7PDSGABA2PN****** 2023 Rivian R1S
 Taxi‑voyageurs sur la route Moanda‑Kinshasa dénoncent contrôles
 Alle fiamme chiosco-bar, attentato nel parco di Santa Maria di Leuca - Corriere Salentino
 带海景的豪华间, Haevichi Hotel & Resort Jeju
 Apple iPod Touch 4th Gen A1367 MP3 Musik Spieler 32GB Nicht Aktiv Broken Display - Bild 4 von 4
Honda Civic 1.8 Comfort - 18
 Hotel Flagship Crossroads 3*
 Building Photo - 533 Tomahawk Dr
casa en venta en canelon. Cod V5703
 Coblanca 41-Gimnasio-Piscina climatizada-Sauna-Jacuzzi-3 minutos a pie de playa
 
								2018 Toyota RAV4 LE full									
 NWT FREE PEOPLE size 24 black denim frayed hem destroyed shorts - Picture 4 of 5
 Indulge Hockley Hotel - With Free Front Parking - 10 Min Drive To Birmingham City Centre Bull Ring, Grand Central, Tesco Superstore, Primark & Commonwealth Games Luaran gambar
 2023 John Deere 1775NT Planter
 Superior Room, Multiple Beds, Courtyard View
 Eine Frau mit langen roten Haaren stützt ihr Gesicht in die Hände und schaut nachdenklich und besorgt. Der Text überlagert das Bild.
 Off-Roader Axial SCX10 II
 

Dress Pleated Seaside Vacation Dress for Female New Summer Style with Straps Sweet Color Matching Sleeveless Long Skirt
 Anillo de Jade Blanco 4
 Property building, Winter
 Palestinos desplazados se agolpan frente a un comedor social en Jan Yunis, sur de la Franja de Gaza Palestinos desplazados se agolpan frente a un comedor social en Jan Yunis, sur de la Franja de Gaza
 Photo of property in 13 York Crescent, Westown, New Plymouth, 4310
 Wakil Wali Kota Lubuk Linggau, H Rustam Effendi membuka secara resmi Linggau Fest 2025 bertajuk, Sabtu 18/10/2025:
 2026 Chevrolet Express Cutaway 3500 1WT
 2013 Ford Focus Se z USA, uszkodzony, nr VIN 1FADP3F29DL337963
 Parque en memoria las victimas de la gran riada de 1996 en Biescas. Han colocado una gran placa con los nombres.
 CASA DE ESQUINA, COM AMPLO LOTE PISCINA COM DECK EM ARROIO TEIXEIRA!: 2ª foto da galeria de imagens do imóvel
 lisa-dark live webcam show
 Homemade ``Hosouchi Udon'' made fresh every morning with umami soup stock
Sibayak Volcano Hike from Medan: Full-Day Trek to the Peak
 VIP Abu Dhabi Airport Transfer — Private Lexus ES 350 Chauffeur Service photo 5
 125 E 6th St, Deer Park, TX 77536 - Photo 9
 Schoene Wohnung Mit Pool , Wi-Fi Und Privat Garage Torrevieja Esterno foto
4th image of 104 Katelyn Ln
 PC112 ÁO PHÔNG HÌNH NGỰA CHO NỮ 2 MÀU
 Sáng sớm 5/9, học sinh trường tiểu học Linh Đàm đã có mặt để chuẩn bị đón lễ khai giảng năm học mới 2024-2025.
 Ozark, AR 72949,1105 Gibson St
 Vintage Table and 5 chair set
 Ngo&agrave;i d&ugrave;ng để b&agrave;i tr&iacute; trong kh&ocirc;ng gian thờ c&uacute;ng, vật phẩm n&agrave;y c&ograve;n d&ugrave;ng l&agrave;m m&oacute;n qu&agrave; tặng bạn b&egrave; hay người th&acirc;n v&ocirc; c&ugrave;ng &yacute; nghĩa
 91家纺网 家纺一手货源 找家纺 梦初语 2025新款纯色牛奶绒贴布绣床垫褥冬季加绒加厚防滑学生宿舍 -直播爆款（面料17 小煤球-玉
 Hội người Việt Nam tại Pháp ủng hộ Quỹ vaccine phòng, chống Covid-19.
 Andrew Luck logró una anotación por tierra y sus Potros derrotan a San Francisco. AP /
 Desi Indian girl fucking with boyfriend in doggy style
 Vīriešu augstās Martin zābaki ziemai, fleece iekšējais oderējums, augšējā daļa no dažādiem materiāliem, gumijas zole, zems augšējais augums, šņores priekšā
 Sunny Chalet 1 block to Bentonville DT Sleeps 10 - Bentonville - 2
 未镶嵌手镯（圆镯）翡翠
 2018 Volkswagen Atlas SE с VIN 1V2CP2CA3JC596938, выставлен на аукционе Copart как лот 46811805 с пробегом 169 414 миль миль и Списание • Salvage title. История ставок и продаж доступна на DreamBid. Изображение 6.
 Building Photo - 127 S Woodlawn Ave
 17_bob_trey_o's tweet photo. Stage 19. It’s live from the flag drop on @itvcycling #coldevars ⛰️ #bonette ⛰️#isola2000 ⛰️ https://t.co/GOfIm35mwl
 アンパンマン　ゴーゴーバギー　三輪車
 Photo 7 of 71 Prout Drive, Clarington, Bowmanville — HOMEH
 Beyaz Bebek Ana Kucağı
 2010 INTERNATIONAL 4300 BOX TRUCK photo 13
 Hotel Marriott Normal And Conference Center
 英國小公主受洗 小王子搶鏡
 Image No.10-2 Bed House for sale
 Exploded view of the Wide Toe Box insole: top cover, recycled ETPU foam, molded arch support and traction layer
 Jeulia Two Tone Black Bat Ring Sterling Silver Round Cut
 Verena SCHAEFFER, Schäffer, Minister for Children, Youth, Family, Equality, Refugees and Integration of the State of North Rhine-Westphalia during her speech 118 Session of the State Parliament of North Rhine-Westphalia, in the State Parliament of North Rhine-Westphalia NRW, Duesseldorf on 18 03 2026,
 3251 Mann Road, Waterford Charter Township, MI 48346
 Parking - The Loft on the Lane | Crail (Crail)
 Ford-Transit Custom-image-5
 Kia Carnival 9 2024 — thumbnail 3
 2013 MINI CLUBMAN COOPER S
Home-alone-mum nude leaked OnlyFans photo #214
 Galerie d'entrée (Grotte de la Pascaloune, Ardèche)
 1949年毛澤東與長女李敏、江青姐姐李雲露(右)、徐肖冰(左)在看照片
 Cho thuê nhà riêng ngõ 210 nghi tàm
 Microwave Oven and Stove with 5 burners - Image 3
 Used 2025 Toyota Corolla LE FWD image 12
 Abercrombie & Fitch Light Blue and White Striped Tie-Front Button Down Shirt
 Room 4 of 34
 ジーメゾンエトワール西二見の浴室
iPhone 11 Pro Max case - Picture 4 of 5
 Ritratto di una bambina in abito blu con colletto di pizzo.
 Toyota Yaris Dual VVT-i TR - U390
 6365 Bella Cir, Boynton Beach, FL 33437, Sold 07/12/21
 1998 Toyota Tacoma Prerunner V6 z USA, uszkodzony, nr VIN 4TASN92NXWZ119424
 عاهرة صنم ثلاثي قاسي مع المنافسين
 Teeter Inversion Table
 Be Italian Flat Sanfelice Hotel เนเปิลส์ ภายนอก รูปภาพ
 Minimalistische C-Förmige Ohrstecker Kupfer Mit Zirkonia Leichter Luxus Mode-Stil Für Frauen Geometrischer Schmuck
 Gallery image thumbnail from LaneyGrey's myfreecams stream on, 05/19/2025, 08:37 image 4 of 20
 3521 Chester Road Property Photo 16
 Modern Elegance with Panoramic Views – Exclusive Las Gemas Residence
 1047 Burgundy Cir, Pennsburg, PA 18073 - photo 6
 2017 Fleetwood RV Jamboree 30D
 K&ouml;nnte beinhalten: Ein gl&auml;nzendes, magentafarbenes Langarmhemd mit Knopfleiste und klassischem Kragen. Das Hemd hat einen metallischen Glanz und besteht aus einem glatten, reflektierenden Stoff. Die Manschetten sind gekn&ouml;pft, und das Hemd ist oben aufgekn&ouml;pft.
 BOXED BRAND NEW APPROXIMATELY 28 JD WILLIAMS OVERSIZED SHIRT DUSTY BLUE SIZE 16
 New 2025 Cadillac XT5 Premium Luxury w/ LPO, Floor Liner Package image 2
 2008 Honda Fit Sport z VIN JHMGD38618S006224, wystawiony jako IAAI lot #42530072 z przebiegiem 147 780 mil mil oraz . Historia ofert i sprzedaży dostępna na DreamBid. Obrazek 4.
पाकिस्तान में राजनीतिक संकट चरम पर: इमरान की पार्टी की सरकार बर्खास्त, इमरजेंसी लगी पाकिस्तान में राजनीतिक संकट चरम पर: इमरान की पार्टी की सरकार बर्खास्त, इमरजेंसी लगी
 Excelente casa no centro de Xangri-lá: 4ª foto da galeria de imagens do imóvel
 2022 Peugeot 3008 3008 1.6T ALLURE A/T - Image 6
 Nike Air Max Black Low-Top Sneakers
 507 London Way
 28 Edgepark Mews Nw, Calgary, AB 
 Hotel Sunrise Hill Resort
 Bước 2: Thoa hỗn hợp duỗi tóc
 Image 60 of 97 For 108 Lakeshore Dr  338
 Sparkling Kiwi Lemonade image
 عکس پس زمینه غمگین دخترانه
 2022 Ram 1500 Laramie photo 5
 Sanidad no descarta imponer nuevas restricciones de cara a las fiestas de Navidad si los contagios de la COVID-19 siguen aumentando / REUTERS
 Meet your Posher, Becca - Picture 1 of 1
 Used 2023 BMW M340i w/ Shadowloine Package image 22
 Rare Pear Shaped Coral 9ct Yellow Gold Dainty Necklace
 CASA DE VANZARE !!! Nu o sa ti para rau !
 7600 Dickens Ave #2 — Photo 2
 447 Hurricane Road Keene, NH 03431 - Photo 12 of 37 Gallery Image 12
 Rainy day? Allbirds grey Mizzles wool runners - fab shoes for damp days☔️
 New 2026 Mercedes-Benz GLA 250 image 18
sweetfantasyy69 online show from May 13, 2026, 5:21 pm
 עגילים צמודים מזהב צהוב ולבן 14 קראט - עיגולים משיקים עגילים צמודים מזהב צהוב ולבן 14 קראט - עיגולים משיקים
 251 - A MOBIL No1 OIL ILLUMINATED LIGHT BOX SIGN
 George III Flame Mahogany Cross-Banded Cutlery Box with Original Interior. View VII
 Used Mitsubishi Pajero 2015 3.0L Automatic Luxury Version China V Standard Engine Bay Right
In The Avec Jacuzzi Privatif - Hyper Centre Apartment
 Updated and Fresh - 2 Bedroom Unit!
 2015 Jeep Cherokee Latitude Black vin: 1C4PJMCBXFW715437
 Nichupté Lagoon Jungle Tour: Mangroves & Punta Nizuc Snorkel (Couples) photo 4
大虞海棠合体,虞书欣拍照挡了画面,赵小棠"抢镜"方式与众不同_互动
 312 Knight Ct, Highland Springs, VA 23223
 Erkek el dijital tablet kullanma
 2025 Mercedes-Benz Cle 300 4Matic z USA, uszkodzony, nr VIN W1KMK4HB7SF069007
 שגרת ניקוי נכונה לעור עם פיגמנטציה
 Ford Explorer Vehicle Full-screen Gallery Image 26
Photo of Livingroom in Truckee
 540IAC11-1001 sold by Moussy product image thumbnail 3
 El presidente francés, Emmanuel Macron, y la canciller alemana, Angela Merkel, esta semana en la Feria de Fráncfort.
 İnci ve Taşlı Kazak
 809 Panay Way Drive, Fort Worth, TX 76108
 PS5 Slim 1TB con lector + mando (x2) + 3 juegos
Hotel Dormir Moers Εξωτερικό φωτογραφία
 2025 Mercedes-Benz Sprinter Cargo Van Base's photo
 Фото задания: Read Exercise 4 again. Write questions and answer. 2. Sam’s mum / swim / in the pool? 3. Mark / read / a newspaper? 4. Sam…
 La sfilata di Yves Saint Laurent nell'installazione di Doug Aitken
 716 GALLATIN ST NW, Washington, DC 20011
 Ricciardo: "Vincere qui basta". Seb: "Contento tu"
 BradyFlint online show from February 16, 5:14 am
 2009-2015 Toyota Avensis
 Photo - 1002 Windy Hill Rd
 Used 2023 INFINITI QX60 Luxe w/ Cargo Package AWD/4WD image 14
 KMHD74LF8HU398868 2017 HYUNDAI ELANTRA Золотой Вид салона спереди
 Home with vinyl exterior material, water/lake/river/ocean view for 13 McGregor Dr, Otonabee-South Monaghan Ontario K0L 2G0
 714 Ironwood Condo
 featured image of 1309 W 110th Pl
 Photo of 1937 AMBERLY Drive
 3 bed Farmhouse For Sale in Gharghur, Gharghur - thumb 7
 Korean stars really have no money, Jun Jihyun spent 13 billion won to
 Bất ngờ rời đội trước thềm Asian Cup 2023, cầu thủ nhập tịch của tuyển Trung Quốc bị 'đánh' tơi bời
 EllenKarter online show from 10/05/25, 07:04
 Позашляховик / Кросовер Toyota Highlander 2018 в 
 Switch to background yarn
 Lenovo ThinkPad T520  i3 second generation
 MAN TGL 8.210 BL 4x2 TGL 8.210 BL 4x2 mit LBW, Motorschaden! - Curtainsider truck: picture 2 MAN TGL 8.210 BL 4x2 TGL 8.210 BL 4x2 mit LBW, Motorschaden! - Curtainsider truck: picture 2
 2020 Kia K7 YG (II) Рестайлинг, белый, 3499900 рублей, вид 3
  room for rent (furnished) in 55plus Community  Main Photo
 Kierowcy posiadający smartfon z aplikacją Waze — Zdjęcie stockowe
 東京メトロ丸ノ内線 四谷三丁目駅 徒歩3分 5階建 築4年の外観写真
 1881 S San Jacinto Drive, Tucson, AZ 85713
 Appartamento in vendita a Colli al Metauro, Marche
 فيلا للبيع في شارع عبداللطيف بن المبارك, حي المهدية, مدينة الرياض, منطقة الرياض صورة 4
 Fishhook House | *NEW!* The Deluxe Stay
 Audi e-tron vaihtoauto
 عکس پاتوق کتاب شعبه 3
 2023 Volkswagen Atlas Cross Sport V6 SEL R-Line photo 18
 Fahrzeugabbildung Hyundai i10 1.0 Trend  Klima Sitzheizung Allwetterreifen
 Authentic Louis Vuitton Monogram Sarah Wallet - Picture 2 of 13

····················

» **What to produce**: Scan the listing above, and wherever a line holds the word "Jacuzzi", copy it.

» **Task answer**:
 Coblanca 41-Gimnasio-Piscina climatizada-Sauna-Jacuzzi-3 minutos a pie de playa
In The Avec Jacuzzi Privatif - Hyper Centre Apartment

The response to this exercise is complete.